Prefrontal Executive Control (PEC). Having a reputation as conscientious and dependable is important for being accepted in a moral community. A relatively recent trend in evolution, especially in the Primate line, has been the evolution of a centralized control system able to integrate and coordinate lower-level adaptations. This top-down Prefrontal Executive Control (PEC) system enables coordination of specialized adaptations, including all of the mechanisms associated with the BAS.[25] PEC involves explicit processing of linguistic and symbolic information and the top-down control of behavior. Unlike the automatic processing typical of the BAS, it is able to evaluate complex contexts in order to generate behavior that is adaptive in contemporary human societies with their constantly changing, highly complex environments and reward-punishment contingencies.

For example, emotional states resulting from adaptations designed to react to evolutionary regularities may place people in a prepotently aggressive state energized by anger—an emotional state that is one of the subsystems of the BAS. However, whether or not aggression actually occurs may also be influenced, at least for people with sufficient levels of PEC, by explicit evaluation of the wider context, including evaluation of the possible costs and benefits of an aggressive act (e.g., penalties at law, possible retaliation). These explicitly calculated costs and benefits are not recurrent over evolutionary time but are products of explicit processing evaluating current environments and producing mental models of possible consequences of behavior.

Individual differences in PEC are most closely associated with the personality trait of Conscientiousness.[26] Conscientiousness involves variation in the ability to defer gratification and pleasure (both related to the BAS) in the service of attaining long-term goals, persevering in unpleasant tasks, paying close attention to detail, and behaving in a responsible, dependable, cooperative manner. Not surprisingly, Conscientiousness is also associated with academic success;[27] indeed, higher Conscientiousness is likely the reason for the finding of sex differences favoring females throughout the school years, including college.

Conscientiousness refers to “socially prescribed impulse control that facilitates task and goal-directed behavior”[28] and is thus central to understanding under-controlled behaviors associated with psychopathic personality.[29] Specifically, variation in PEC is central to understanding the difference between controlled and uncontrolled aggression—i.e., the difference between an impulsive act of aggression carried out in anger because of an insult versus a well-planned attack of revenge carried out in cold blood. Variation in PEC is also central to controlling reward-oriented behavior (pleasure-seeking), another central component of the BAS.[30] Individuals with low levels of prefrontal control are prone to impulsivity, substance abuse, and have low levels of emotional control, including relative inability to control anger, a prime motivator of some types of aggression.

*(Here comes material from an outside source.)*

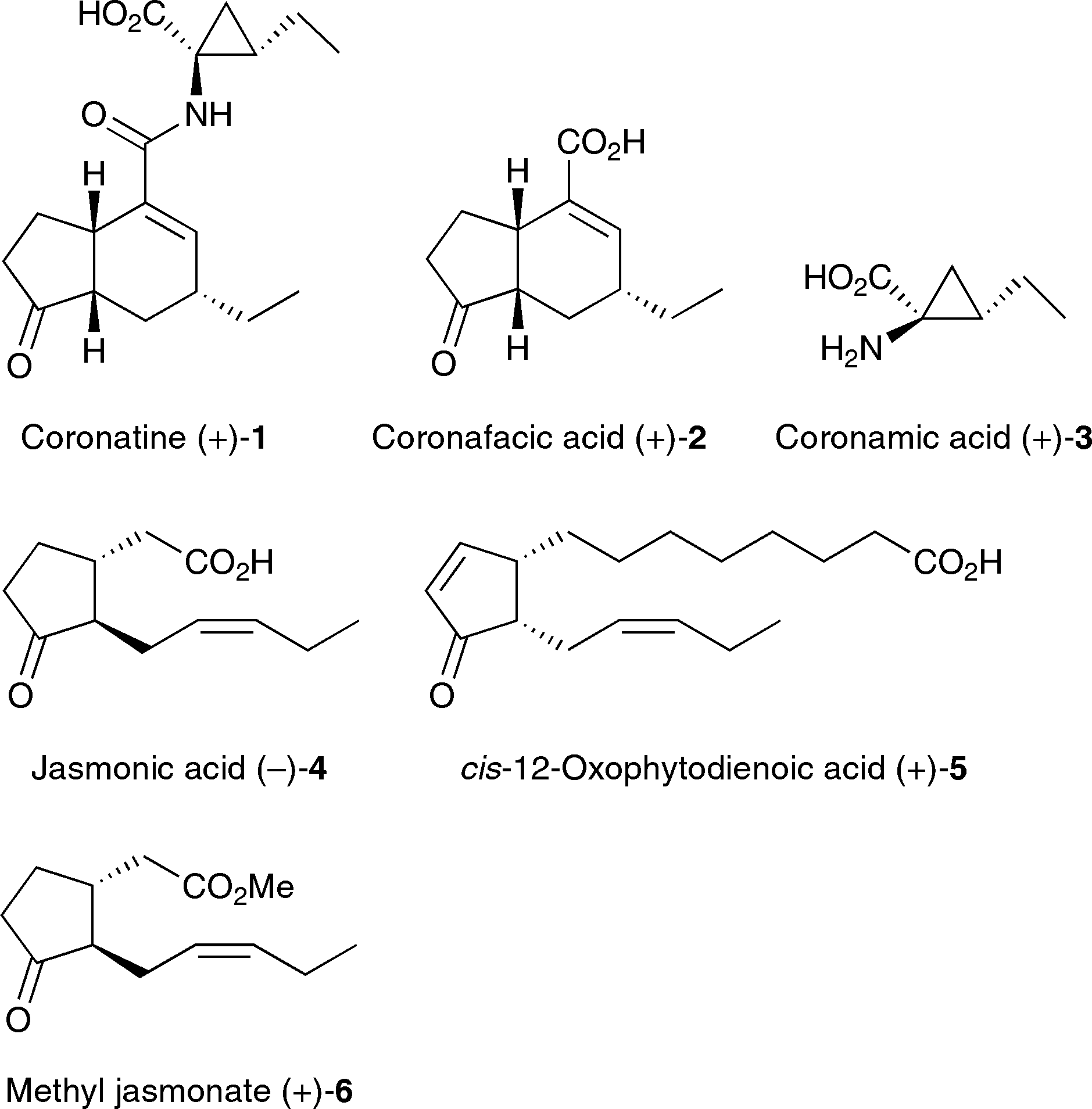 Structures of coronatine (+)-1, jasmonic acid (-)-4, and their derivatives.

Richard Lynn’s Race Differences in PersonalityWhites as More Generous and Empathic than Other Races

Richard Lynn’s Race Differences in Personality provides a welcome review of the personality literature related to race differences that fits well with the material on personality discussed above.[31] Studies from the United States have consistently found a rank ordering of races on behaviors related to psychopathic personality—highest in Blacks and Native Americans, followed by Hispanics, lower among Whites, and lowest among Asians, especially northeast Asians. The variables studied included conduct disorder, direct measures of psychopathic personality, measures of sexual promiscuity (indicating less proneness to pair bonding and being high on the BAS), Conscientiousness (Blacks vs. Whites only), criminality, school suspensions, emotional intelligence (Blacks vs. Whites only), drug and substance abuse, child abuse, and self-esteem (linked to the BAS: individuals high on the BAS are prone to high self-esteem and self-confidence.) In general, as with IQ, race differences are greatest between Whites and Blacks and much attenuated between Whites and northeast Asians.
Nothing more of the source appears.